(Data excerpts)
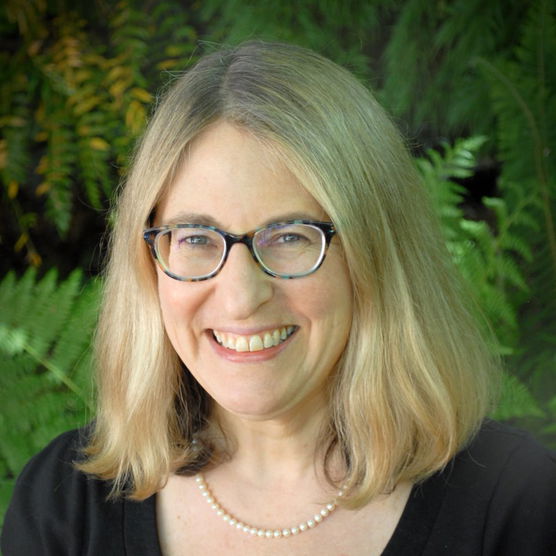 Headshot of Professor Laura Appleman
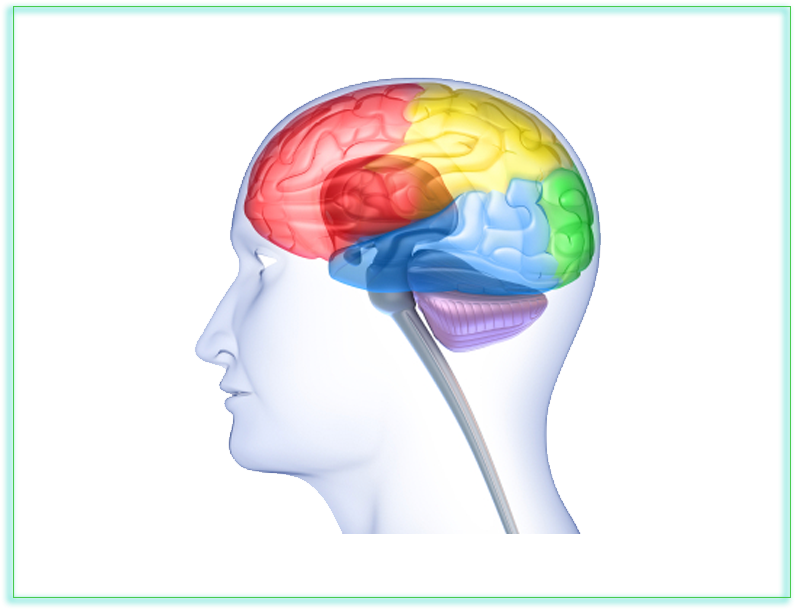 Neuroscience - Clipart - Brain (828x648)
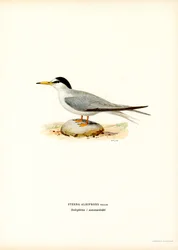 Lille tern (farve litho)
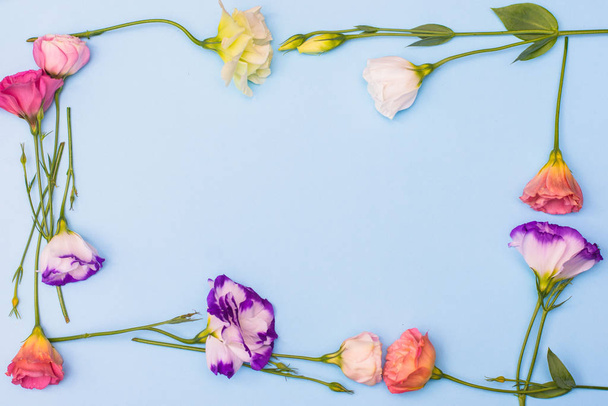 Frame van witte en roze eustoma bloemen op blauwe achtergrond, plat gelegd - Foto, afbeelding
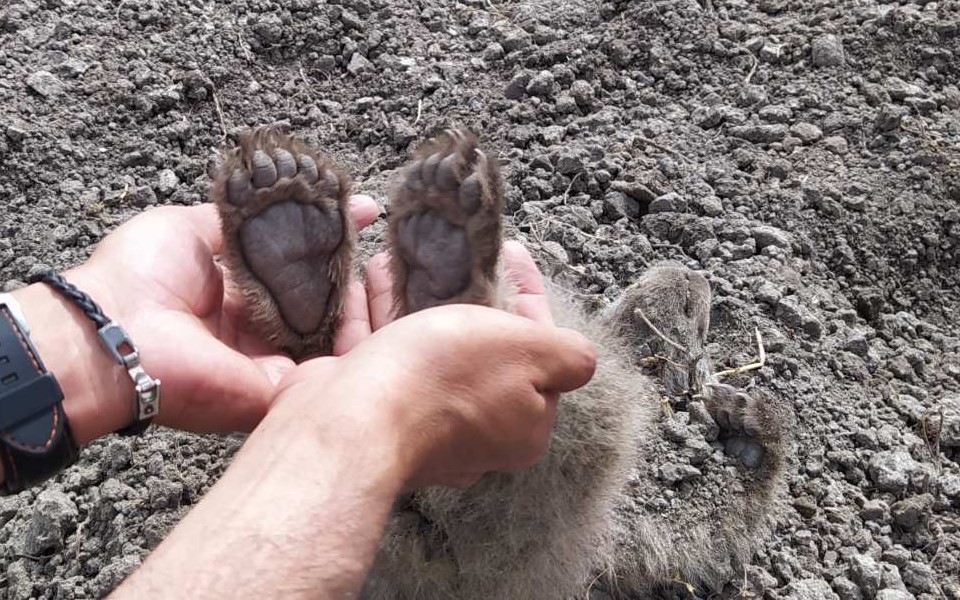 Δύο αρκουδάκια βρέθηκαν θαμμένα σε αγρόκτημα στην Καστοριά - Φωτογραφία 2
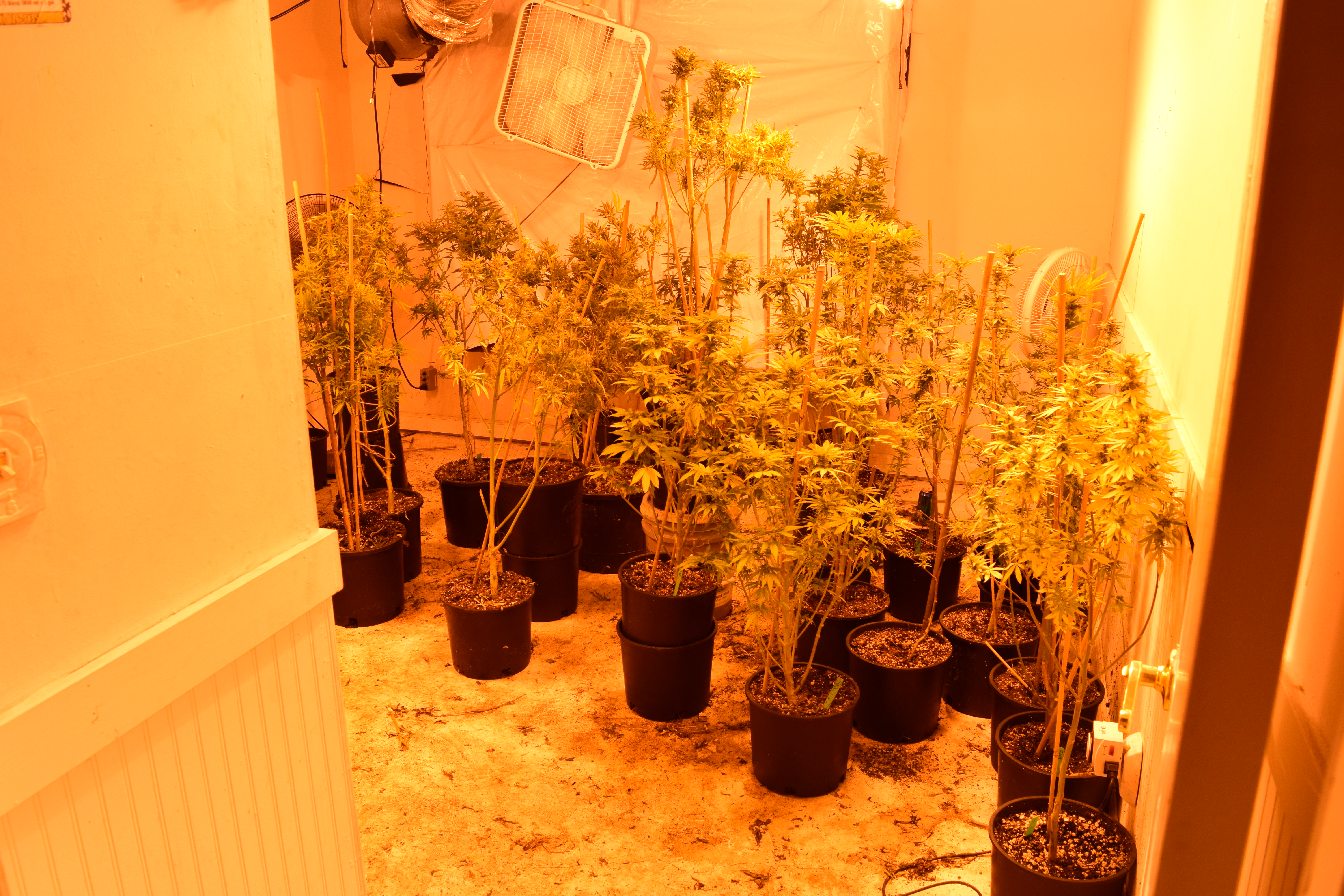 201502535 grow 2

▶ _What is needed_:
Leave every picture out and copy precisely the lines from the one containing "Lille tern (farve litho)" through the last line of the data above, both ends included.

▶ _Output of the task_:
 Lille tern (farve litho)
 Frame van witte en roze eustoma bloemen op blauwe achtergrond, plat gelegd - Foto, afbeelding
 Δύο αρκουδάκια βρέθηκαν θαμμένα σε αγρόκτημα στην Καστοριά - Φωτογραφία 2
 201502535 grow 2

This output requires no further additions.